AIM OF THE EXERCISE :: Once the pictures are set aside, transcribe each line of the data exactly.
*** EXTRACTED ENTRIES Section Begins ***
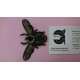 APLICACION ABEJA CRISTAL TERMOADHESIVA  80*50 MM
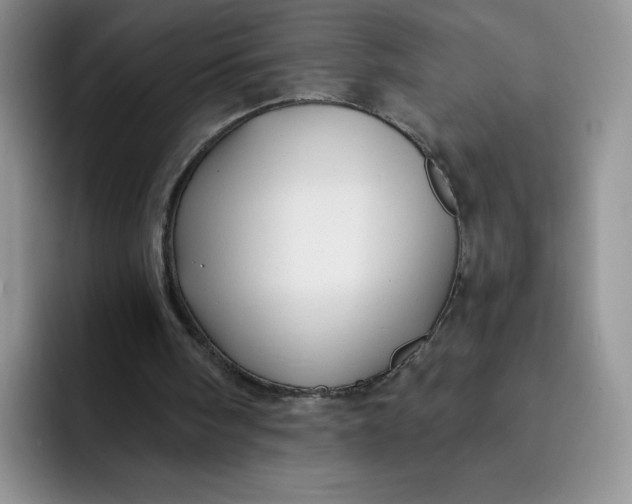 X0000091730098200709141234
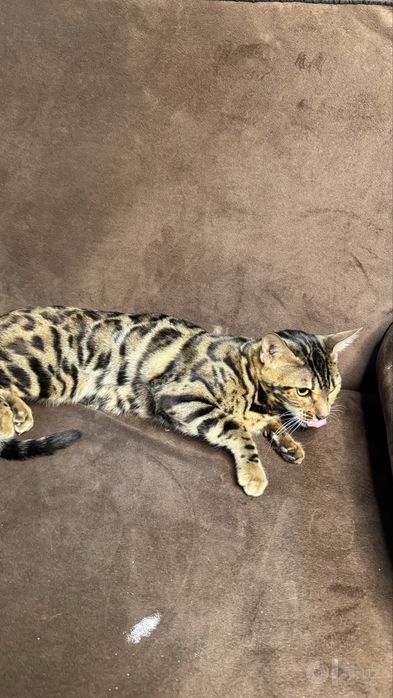 Бенгальская Кошка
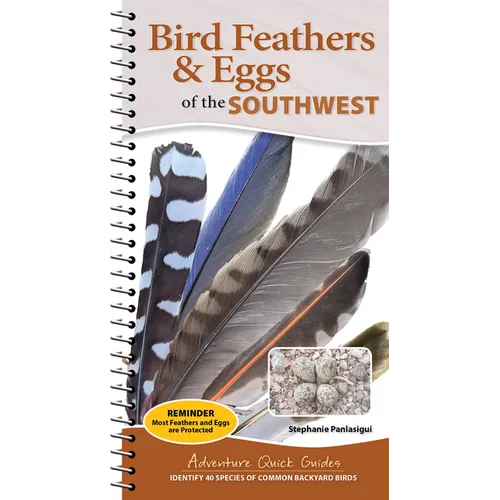 Bird Feathers & Eggs of the Southwest: Identify 40 Species of Common Backyard Birds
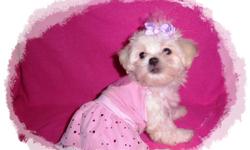 Tiny White MalShi Puppy.&nbsp; Maltese / Shih Tzu.&nbsp; 1 Girl $400 Ready now. Malshi's are hypoallergenic, smart, super loving and small enough to take anywhere, plus they don't shed.&nbsp; They make great family dogs as well.&nbsp; She comes with Puppy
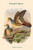 Phlogoenas Tristigmata - Branded Pigeon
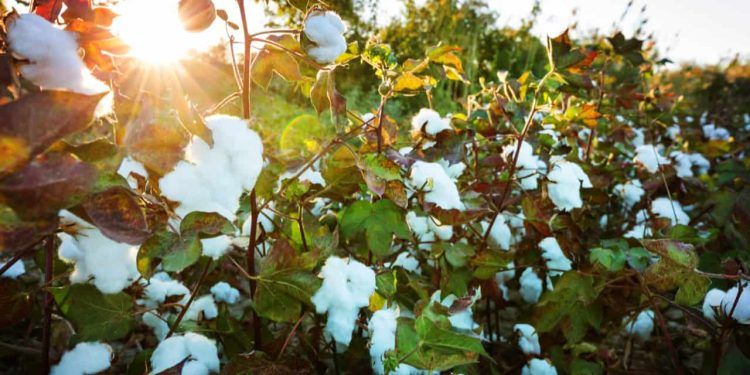 Produtores iniciam colheita de algodão sob pressão de preços baixos, aponta Abrapa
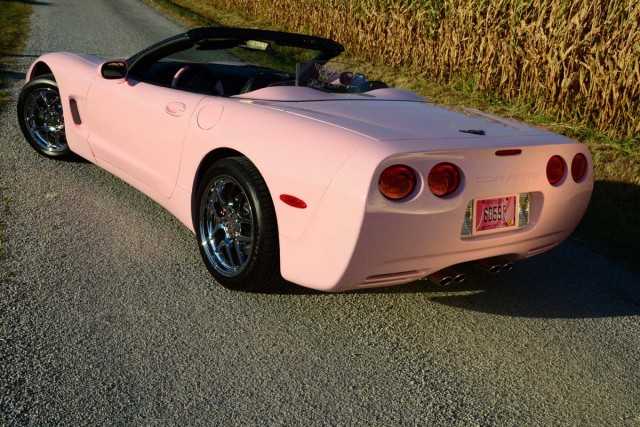DSC_6229PinkIce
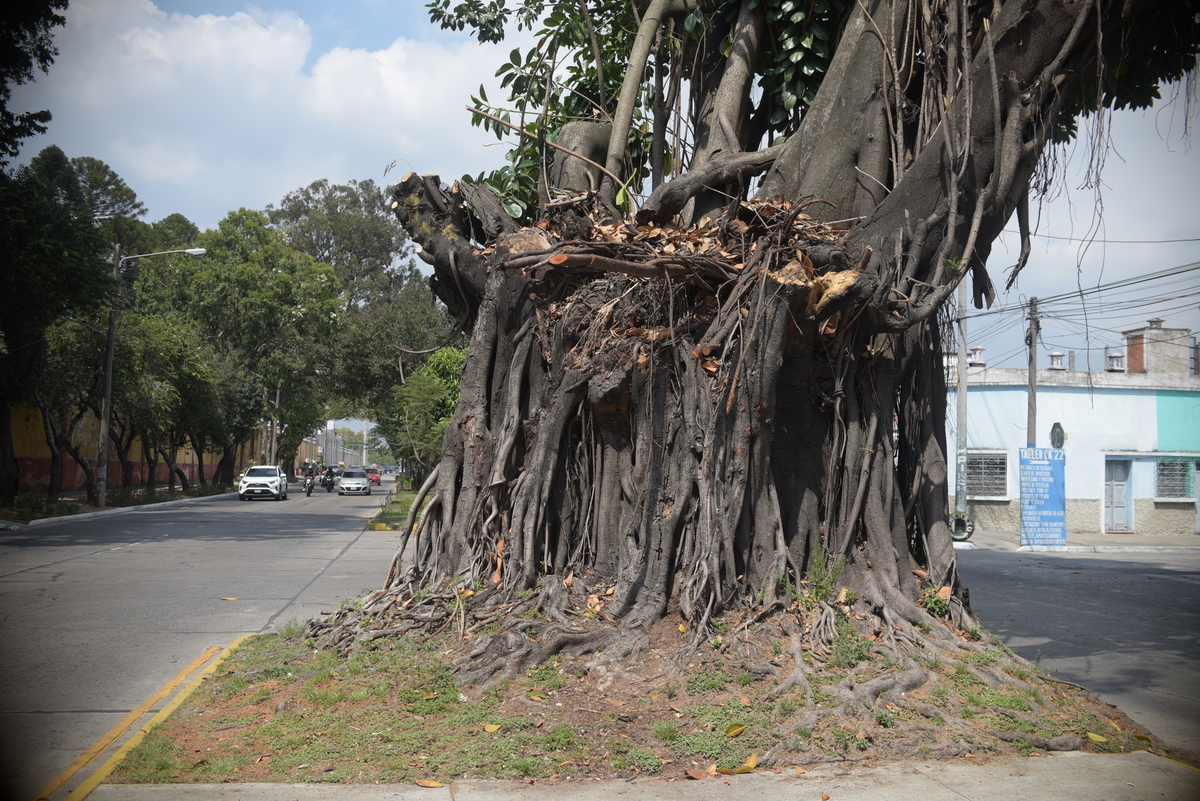 Arbol de los lamentos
*** EXTRACTED ENTRIES Section Ends ***
RESPONSE TO THIS EXERCISE ::
 APLICACION ABEJA CRISTAL TERMOADHESIVA  80*50 MM
 X0000091730098200709141234
 Бенгальская Кошка
 Bird Feathers & Eggs of the Southwest: Identify 40 Species of Common Backyard Birds
 Tiny White MalShi Puppy.&nbsp; Maltese / Shih Tzu.&nbsp; 1 Girl $400 Ready now. Malshi's are hypoallergenic, smart, super loving and small enough to take anywhere, plus they don't shed.&nbsp; They make great family dogs as well.&nbsp; She comes with Puppy
 Phlogoenas Tristigmata - Branded Pigeon
 Produtores iniciam colheita de algodão sob pressão de preços baixos, aponta Abrapa
DSC_6229PinkIce
 Arbol de los lamentos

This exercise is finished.